There is, after a meal that includes bread, a longer version of a “grace after meals” in which we show our gratitude for the food we have been given. There are additional sections added for the Sabbath, for the new month, for major holidays, for weddings and more.

Over time and with the influence of others, I have added two more blessings – one for the State of Israel, and one for its soldiers. For obvious reasons, that one touches my heart each time I say it and this past weekend was no different. But this time, at my table, I had Elie, just finishing the army, Chaim, who began last Thursday, and Shmulik, who begins tomorrow.

May the Merciful One bless the soldiers of the Defense Forces of Israel.

As we finished the prayers, Chaim said loudly, “I am a soldier.” It was the tone that made us all laugh – as if, he too was surprised to realize that he was a soldier of Israel, that this prayer I say each time now includes him.

Yes, Chaim is a soldier – I have the picture to prove it. On Tuesday, Shmulik begins and next Sunday, Elie’s service officially ends as a member of the standing army…the same day another of Shmulik’s friends begins. Irony abounds yet again – Elie leaves artillery…the same day Oz apparently goes into it.

It is a strange time. My oldest daughter is very emotional. “I’m scared,” she told me a few days ago. She can’t read the blog, she has told me numerous times, or the book, A Soldier’s Mother, I have just published. It’s too much for her, too real, too scary.

And my youngest daughter saw a copy and said she did want to read it. I hesitated. She’s only 10 years old. There are many stories about her. It is strange to lose that sense of anonymity I have carried with me all along, safe in the knowledge that those most involved in the story, the journey, aren’t even reading it.

“Why can’t I read it?” my younger daughter asked with a child’s logic. “I won’t be scared. I know Elie’s okay now.”

Yes, she does…now the worry, the fear, the journey begins for Chaim and Shmulik. I told my oldest daughter that now is not the time to worry. We have time, I told her, while they go through basic training.

“I’ll tell you when to worry,” I joked with her. As these hours tick away till tomorrow morning when I drive Shmulik to the induction center…the same tears threaten to fall as they did in the hours before I took Elie.

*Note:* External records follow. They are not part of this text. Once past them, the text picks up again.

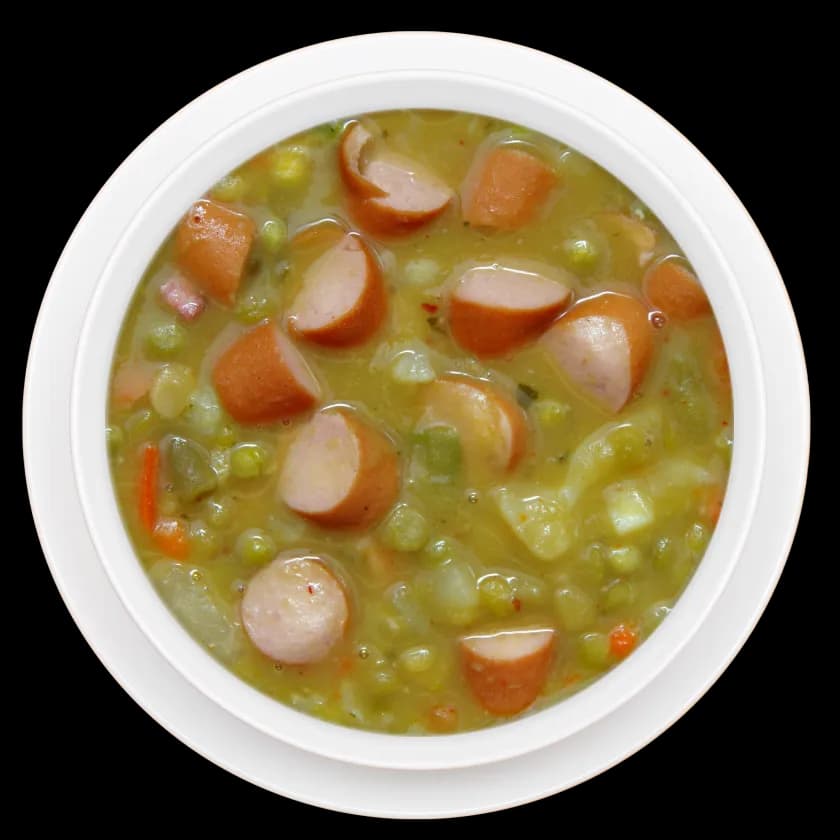 Suppe mit Fleischeinlage und Würstchen in weißer Schale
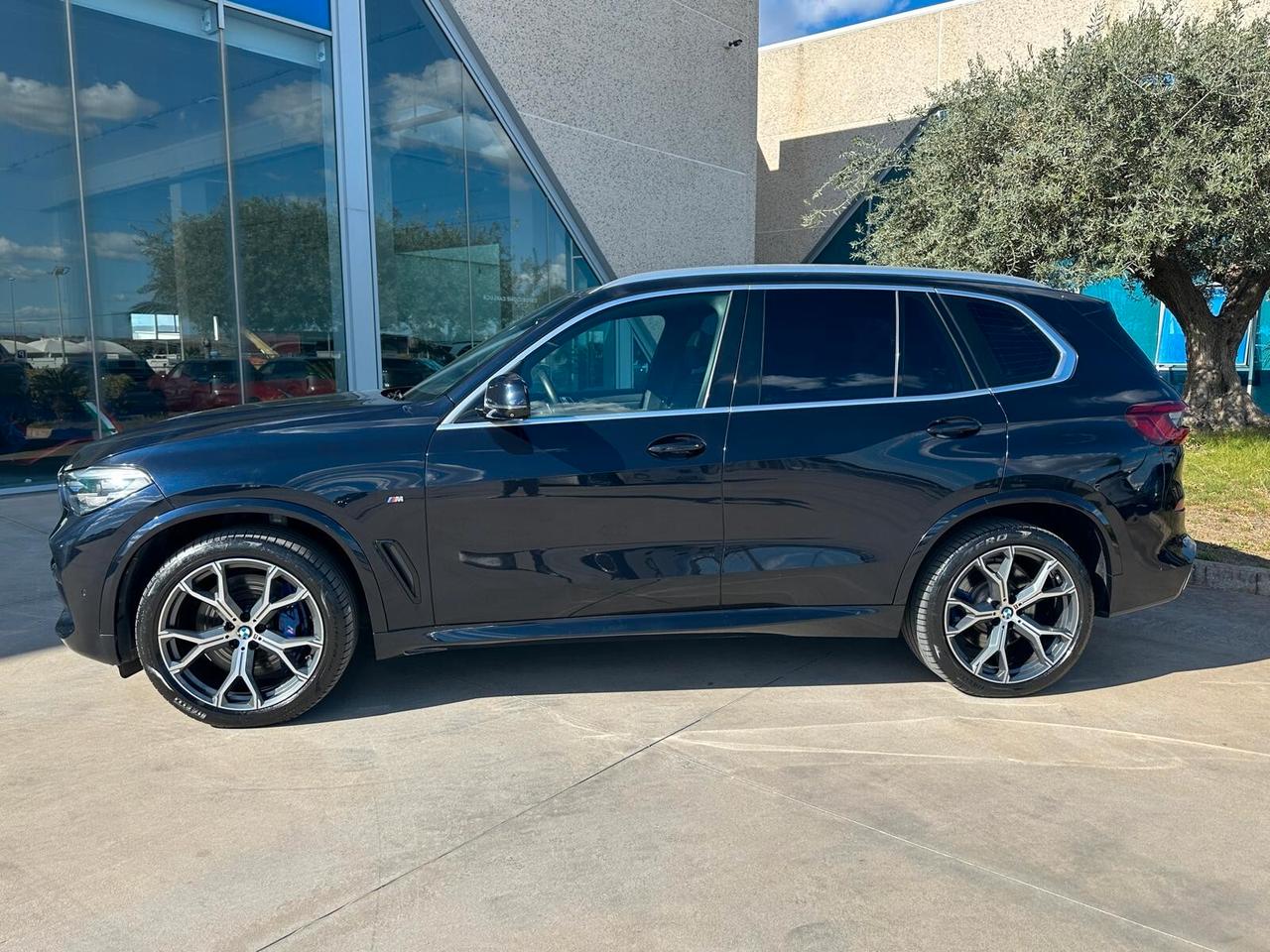 Bmw X5 xDrive30d xLine possibilità noleggio no scoring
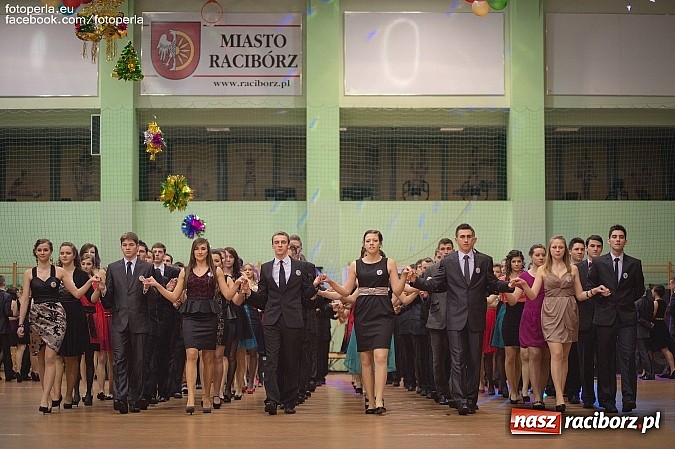 Zdjęcie w galerii na portalu naszraciborz.pl: Bal maturalny II LO im. Adama Mickiewicza wiadomości z regionu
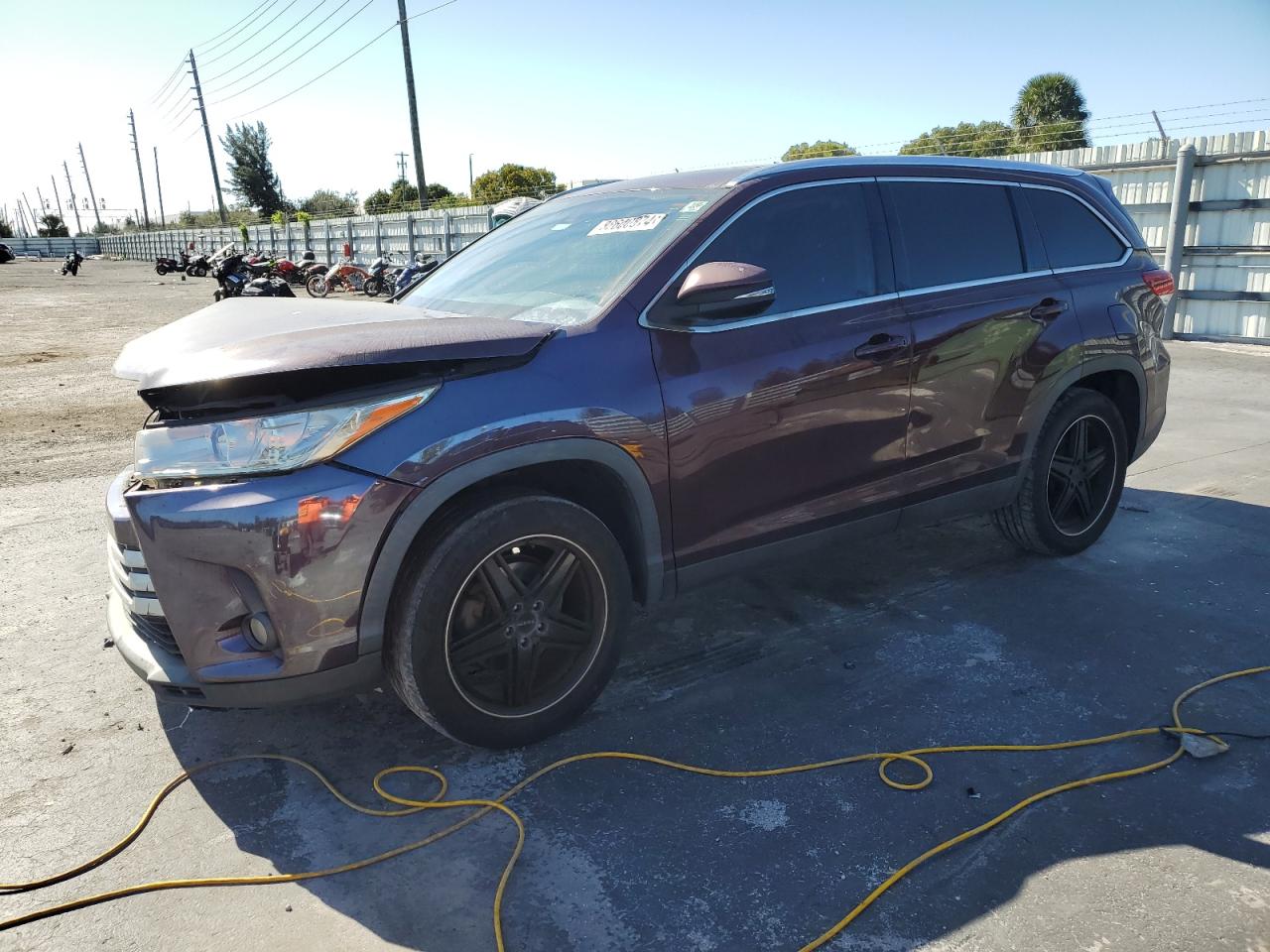 2019 Toyota Highlander - Image 1
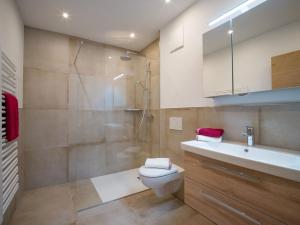 Łazienka w obiekcie Appartement Strasser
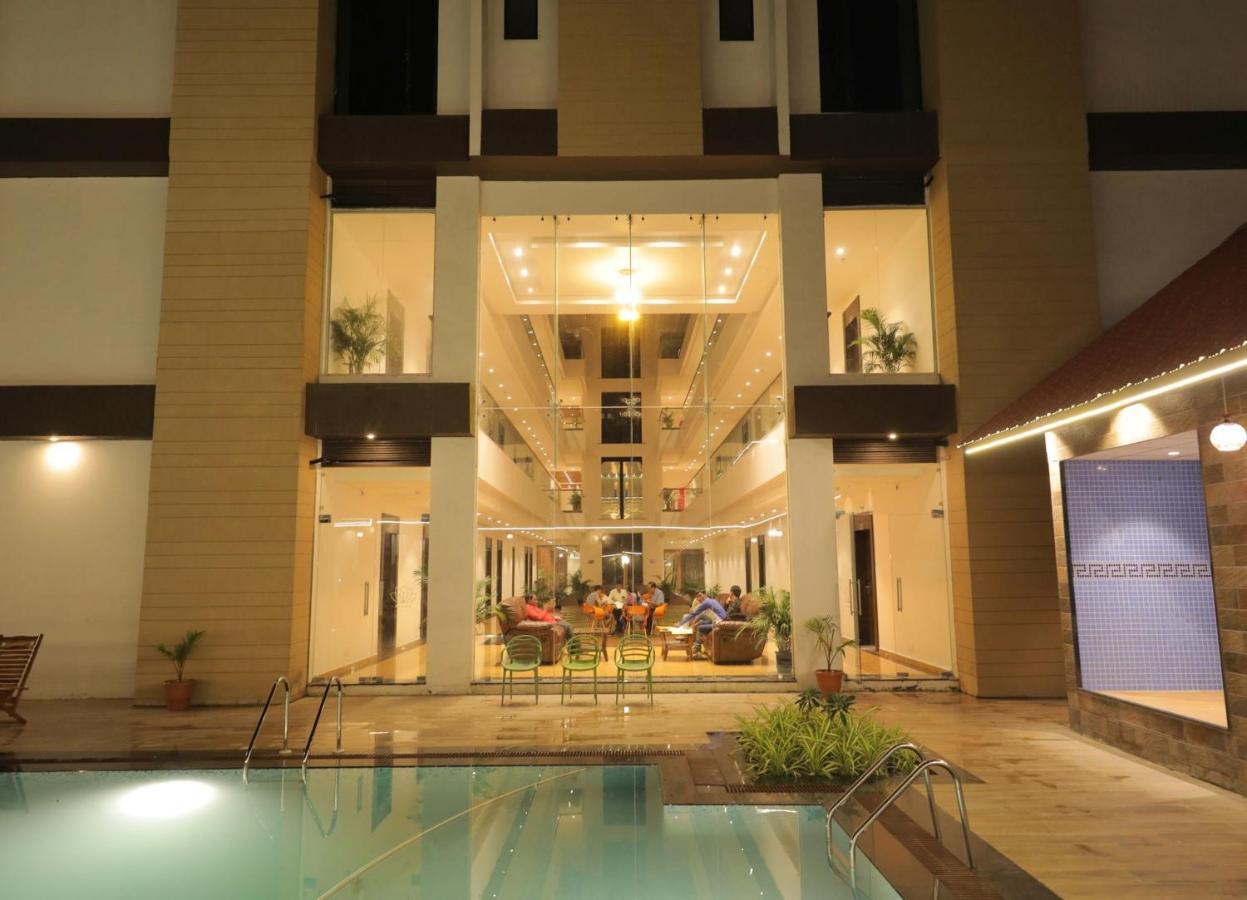 สโรวร ปอร์ติโก สมนาถ Hotel โสมนัส ภายนอก รูปภาพ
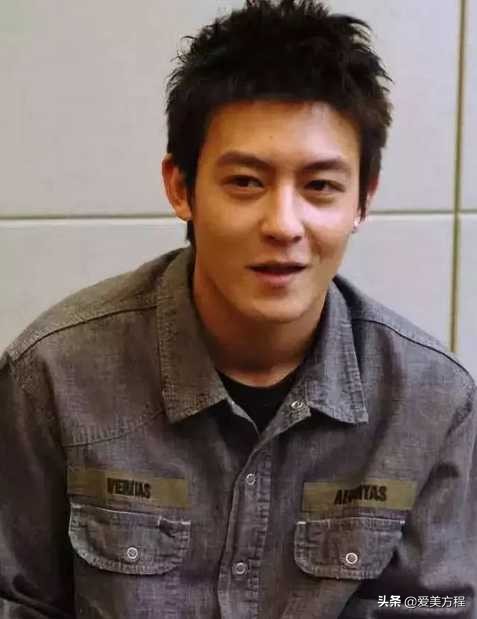 发际线高额头高颧骨高发型男生,发型设计与脸型搭配额头窄颧骨高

Stupid, I tell myself. Tomorrow he simply gets a uniform…not even a gun. There is nothing to fear for tomorrow…and likely not the day or even the week after that.

And so – it ends and begins…a new soldier of Israel and a mother so proud. Day by day, I’ll take this next journey as I took the last one. I’ll hope that if Shmulik falls asleep on his phone and calls me in the middle of the night…I’ll hope that I’m smarter this time, calmer.

Today, Shmulik gets his hair cut. He’s let it grow too long – today he will cut it too short. He’s asked his brother what he needs to pack, as Chaim asked last week. “Stuff,” I answered – and received the laugh I so dearly wanted to hear.

“I am a soldier,” Chaim said at our Shabbat table. Yes, he is and soon Shmulik and Oz will be too…and Yisrael so very tall…and the others who have accompanied Shmulik through childhood. Today, they are boys…still, though as Elie would have…they’ll argue that.

I stand on the edge of tomorrow wishing in some ways that it won’t come…too fast these years flew by, too fast.

3 Comments

  1. You’ve come full circle – but the circle never ends – it’s starting all over again.
    Thanks for a beautifully written blog and we pray that all your sons real and ‘adopted’ come back safely as Elie did.
    But even then it doesn’t end because as long as we are their mothers and as long as they are in miluim ( reserves) we’ll continue to worry.